> **Information provided**
_ _ _

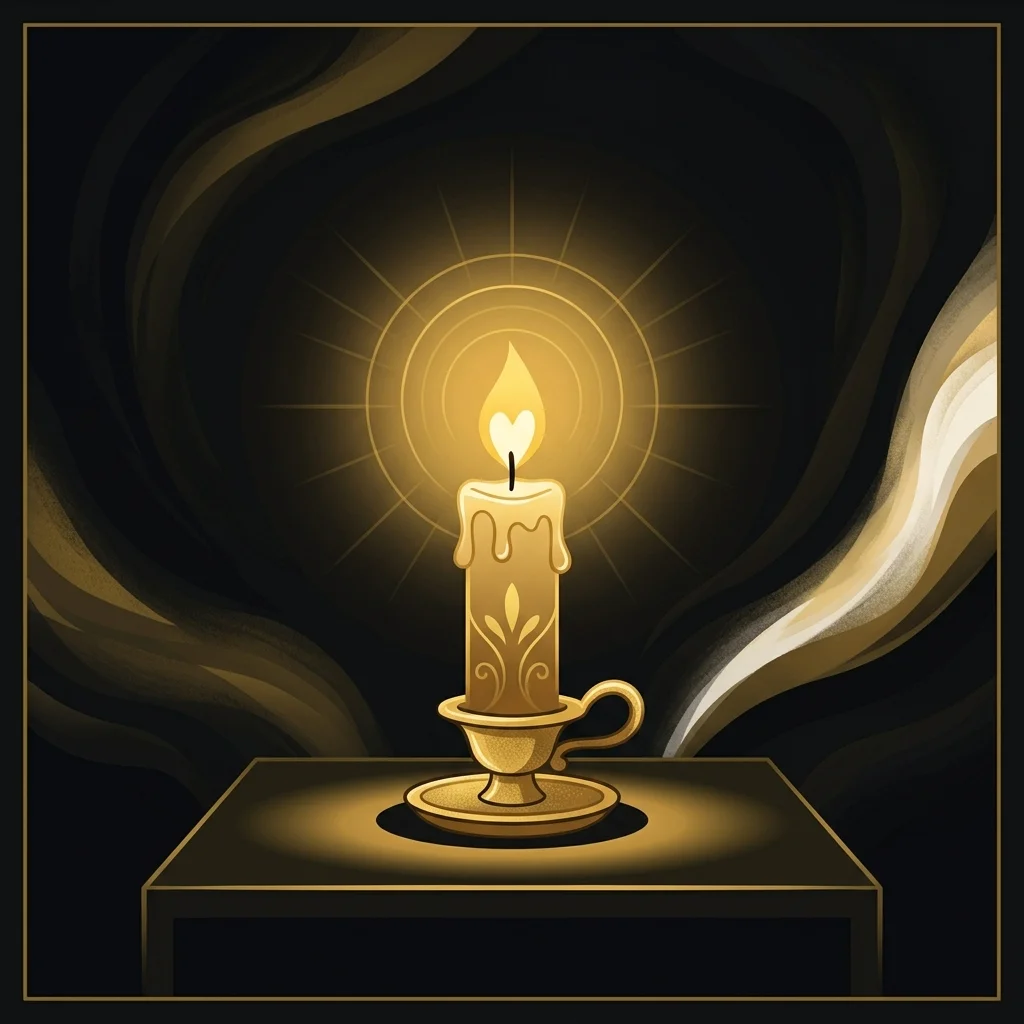 Ilustração cartoon em preto e dourado: Uma única vela acesa brilhando estável na escuridão, símbolo de esperança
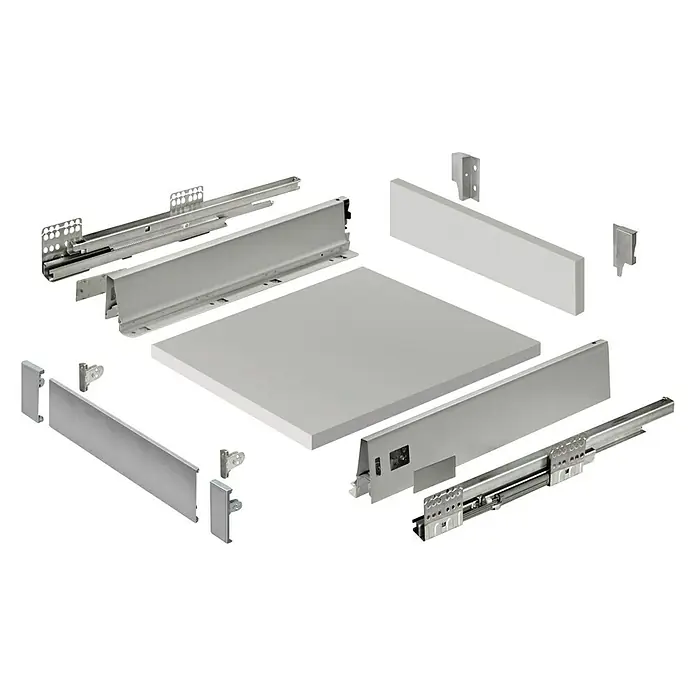Cajón Modul Box Plus - L x An x Al: 56,8 x 51,4 x 7 cm - Esta imagen muestra un conjunto de cajones desmontado en gris claro, incluyendo paneles laterales, panel posterior y correderas. Ideal para la construcción de muebles.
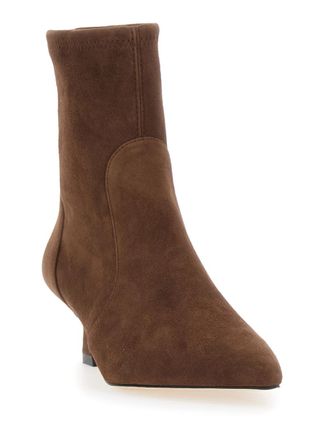 Stuart Weitzman Womens Ankle Boots Vinnie Bootie 50 Brown Leather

_ _ _

> **Your objective**
What is needed is the whole listing again, exactly as written, with the images left out.

> **Exercise output**
 Ilustração cartoon em preto e dourado: Uma única vela acesa brilhando estável na escuridão, símbolo de esperança
Cajón Modul Box Plus - L x An x Al: 56,8 x 51,4 x 7 cm - Esta imagen muestra un conjunto de cajones desmontado en gris claro, incluyendo paneles laterales, panel posterior y correderas. Ideal para la construcción de muebles.
 Stuart Weitzman Womens Ankle Boots Vinnie Bootie 50 Brown Leather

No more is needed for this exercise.